• _DATA RECORDS_
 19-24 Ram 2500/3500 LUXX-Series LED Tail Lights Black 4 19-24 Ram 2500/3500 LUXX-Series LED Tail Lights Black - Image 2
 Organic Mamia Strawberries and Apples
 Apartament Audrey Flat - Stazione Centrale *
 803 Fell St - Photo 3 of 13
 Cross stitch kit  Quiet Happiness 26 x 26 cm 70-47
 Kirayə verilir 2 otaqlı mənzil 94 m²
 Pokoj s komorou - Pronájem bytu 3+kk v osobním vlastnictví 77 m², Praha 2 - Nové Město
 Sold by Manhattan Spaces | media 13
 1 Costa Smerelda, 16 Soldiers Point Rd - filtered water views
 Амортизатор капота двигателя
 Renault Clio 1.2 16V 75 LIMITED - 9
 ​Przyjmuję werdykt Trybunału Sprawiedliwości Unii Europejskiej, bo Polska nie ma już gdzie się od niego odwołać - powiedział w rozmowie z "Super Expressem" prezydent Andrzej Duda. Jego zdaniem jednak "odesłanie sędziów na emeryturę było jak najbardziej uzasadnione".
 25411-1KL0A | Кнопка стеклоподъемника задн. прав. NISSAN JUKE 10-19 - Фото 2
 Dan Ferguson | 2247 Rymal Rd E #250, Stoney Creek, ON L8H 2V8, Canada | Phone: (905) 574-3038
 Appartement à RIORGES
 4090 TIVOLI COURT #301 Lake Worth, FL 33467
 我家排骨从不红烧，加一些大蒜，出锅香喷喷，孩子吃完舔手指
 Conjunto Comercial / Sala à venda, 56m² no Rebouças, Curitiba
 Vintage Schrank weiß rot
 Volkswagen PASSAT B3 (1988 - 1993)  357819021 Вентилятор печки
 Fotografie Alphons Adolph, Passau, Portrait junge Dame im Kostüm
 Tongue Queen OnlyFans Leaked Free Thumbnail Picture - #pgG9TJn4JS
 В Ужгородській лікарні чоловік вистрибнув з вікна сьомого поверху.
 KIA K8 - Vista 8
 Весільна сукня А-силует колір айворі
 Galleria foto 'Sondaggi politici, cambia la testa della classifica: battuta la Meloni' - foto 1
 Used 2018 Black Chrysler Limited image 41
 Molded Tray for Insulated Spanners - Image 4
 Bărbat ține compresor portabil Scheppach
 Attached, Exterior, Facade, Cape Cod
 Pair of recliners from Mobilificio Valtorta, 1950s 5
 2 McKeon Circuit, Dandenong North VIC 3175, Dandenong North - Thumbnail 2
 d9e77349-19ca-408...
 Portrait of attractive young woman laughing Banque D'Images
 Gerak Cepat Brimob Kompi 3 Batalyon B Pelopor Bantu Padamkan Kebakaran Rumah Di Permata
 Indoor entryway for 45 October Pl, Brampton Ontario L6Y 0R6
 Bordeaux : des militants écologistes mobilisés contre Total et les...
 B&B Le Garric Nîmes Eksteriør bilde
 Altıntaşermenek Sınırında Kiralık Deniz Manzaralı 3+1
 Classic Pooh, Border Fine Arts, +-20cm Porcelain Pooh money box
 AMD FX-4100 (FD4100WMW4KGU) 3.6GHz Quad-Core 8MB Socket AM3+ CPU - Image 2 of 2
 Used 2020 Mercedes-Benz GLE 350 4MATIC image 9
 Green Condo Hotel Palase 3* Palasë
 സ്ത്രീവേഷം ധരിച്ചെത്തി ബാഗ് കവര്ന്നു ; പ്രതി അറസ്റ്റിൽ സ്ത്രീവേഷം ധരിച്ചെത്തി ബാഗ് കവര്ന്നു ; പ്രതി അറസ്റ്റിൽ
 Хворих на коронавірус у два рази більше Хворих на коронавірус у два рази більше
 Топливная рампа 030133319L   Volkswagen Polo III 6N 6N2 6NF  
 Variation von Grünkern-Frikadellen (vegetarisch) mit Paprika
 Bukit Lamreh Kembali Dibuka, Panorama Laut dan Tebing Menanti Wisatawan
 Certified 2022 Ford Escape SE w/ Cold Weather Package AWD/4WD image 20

• _WHAT YOU HAVE TO DO_
Output the lines above between the one holding "25411-1KL0A | Кнопка" and the one holding "Used 2020 Mercedes-Benz", inclusive, with nothing before or after them.

• _SOLUTION TO THIS EXERCISE_
 25411-1KL0A | Кнопка стеклоподъемника задн. прав. NISSAN JUKE 10-19 - Фото 2
 Dan Ferguson | 2247 Rymal Rd E #250, Stoney Creek, ON L8H 2V8, Canada | Phone: (905) 574-3038
 Appartement à RIORGES
 4090 TIVOLI COURT #301 Lake Worth, FL 33467
 我家排骨从不红烧，加一些大蒜，出锅香喷喷，孩子吃完舔手指
 Conjunto Comercial / Sala à venda, 56m² no Rebouças, Curitiba
 Vintage Schrank weiß rot
 Volkswagen PASSAT B3 (1988 - 1993)  357819021 Вентилятор печки
 Fotografie Alphons Adolph, Passau, Portrait junge Dame im Kostüm
 Tongue Queen OnlyFans Leaked Free Thumbnail Picture - #pgG9TJn4JS
 В Ужгородській лікарні чоловік вистрибнув з вікна сьомого поверху.
 KIA K8 - Vista 8
 Весільна сукня А-силует колір айворі
 Galleria foto 'Sondaggi politici, cambia la testa della classifica: battuta la Meloni' - foto 1
 Used 2018 Black Chrysler Limited image 41
 Molded Tray for Insulated Spanners - Image 4
 Bărbat ține compresor portabil Scheppach
 Attached, Exterior, Facade, Cape Cod
 Pair of recliners from Mobilificio Valtorta, 1950s 5
 2 McKeon Circuit, Dandenong North VIC 3175, Dandenong North - Thumbnail 2
 d9e77349-19ca-408...
 Portrait of attractive young woman laughing Banque D'Images
 Gerak Cepat Brimob Kompi 3 Batalyon B Pelopor Bantu Padamkan Kebakaran Rumah Di Permata
 Indoor entryway for 45 October Pl, Brampton Ontario L6Y 0R6
 Bordeaux : des militants écologistes mobilisés contre Total et les...
 B&B Le Garric Nîmes Eksteriør bilde
 Altıntaşermenek Sınırında Kiralık Deniz Manzaralı 3+1
 Classic Pooh, Border Fine Arts, +-20cm Porcelain Pooh money box
 AMD FX-4100 (FD4100WMW4KGU) 3.6GHz Quad-Core 8MB Socket AM3+ CPU - Image 2 of 2
 Used 2020 Mercedes-Benz GLE 350 4MATIC image 9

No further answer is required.